The Justice Department announced this week that it will review the regulatory agreements created in 1941 that govern ASCAP and BMI. It is likely that, as a result, a lobbying fight will surge between technology giants like Pandora and Google against music companies and songwriter groups. If changes to the regulatory agreements are not made, major music publishers, including Sony/ATV and Universal, may withdraw from ASCAP and BMI.
As explained in the Complete Music Update, “In the U.S., ASCAP and BMI are governed in no small part by their ‘consent decrees,’ which arguably put more restrictions on the two societies than many of their counterparts around the world. And those restrictions have caused problems for the big music publishers in recent months as they seek to revamp the way they work with digital services.”
These 73-year-old consent decrees require ASCAP and BMI to supply licenses to music outlets upon request. If the two parties don’t agree on a rate for the licenses, federal judges decide.
“The Justice Department’s review calls for a 60-day period for public comments about the consent decrees. The department could then recommend changes to regulation, which would be reviewed by judges in the United States District Court for the Southern District of New York, in Manhattan,” reports The New York Times.
In the Fall of 2012, Pandora began litigation against ASCAP in hopes of decreased rate for public performance licenses. As a result, ASCAP and BMI are using the review to ask for more flexibility in licensing, along with the replacement of court processes with arbitration.
In March, in response to Pandora’s fight to seek a lower rate for public performance licenses, ASCAP released a statement explaining that, “ASCAP will continue to be on the frontlines in the fight for fair compensation for songwriters and composers in the digital age.”
“The fact is, streaming is growing more and more popular — and so is the value of music on that platform… Perhaps the biggest takeaway from this rate court proceeding, given the contrary views as to appropriate benchmarks and the extraordinary cost to both sides, is a recognition that we need to take a fresh look at the system that regulates music licensing, including the outdated ASCAP consent decree, to make sure it reflects the realities of today’s music marketplace and consumer behavior.”
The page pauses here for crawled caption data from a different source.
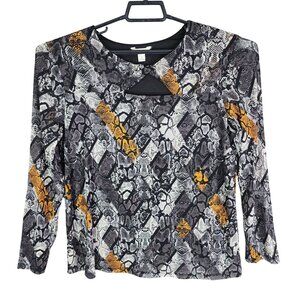 Womens Est. 1946 Gray Orange Snake Print Top Blouse Long Sleeve Keyhole Neck L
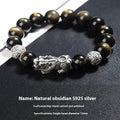 S999 silver natural obsidian bracelet for men with polished geometric beads on leather cord, 12mm size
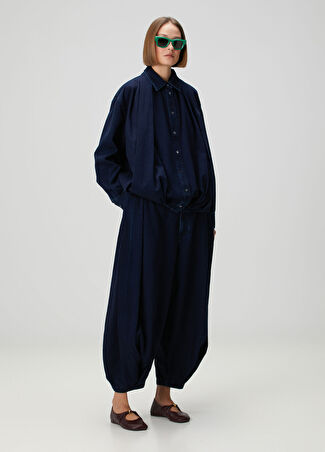 Loewe Kadın Relaxed Fit Koyu Mavi Drapeli Jean Pantolon 34 It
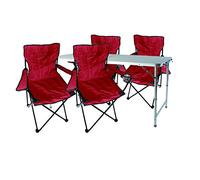 Mojawo 5tlg. Set di mobili da campeggio in alluminio, 120 x 60 x 58/70 cm, 1 x XXL tavolo da campeggio regolabile in altezza con maniglia + 4 sedie da pesca, sedie pieghevoli, rosso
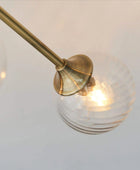 Semi Flush Antique Brass Twisted Glass Shade Pendant Light - The Farthing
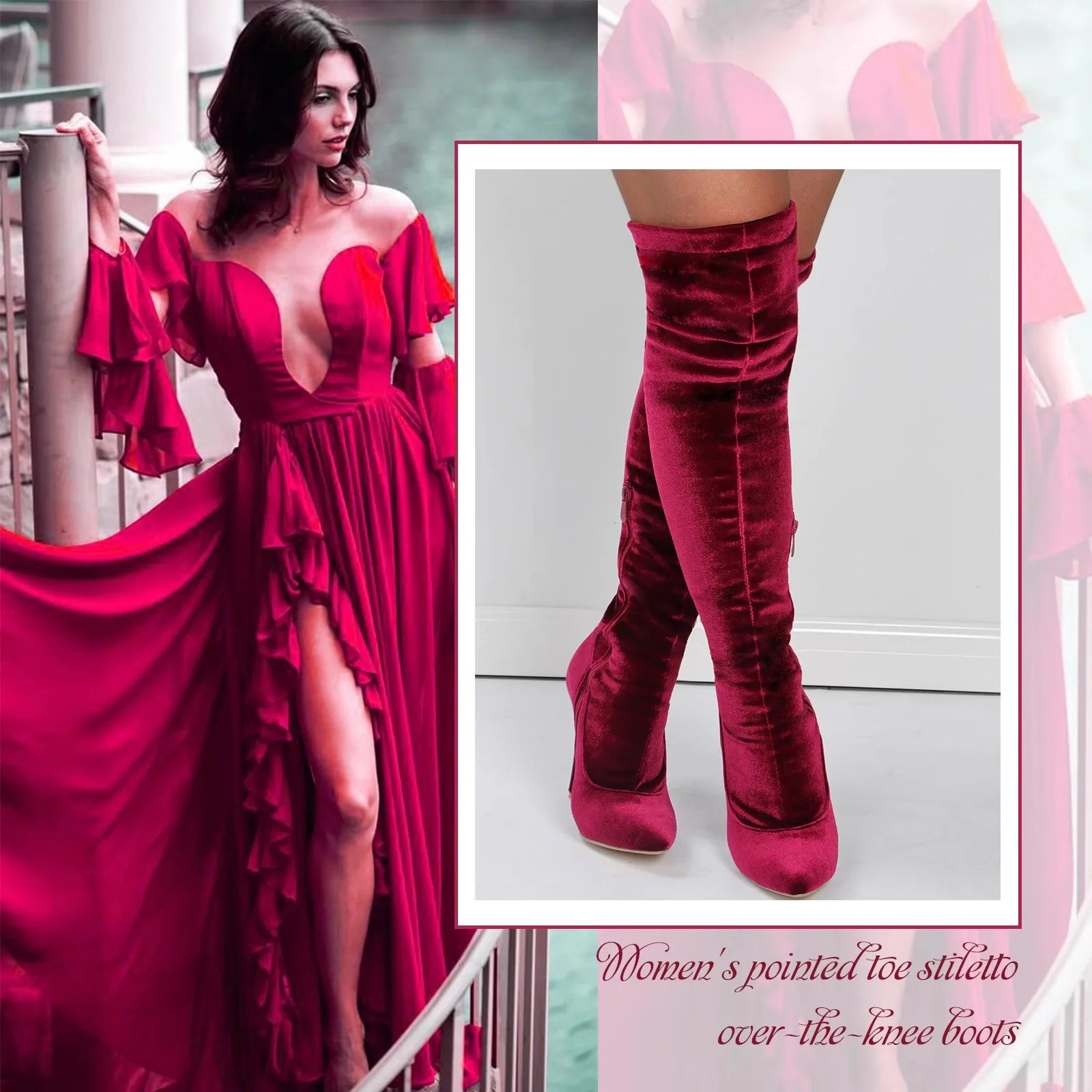 Velvet Elegance: Over-the-Knee Heeled Boots for Sophisticated Glamour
“The review process may serve to wring more money from digital radio services, but it will not generate nearly enough revenue to replace those lost CD sales — though it could simply drive some innovative music companies out of business altogether,” suggests GigaOM. “A better approach would be for Congress to consider leveling the royalty radio rates across platforms – terrestrial, satellite and Internet — in a way that supports both musicians and innovation.”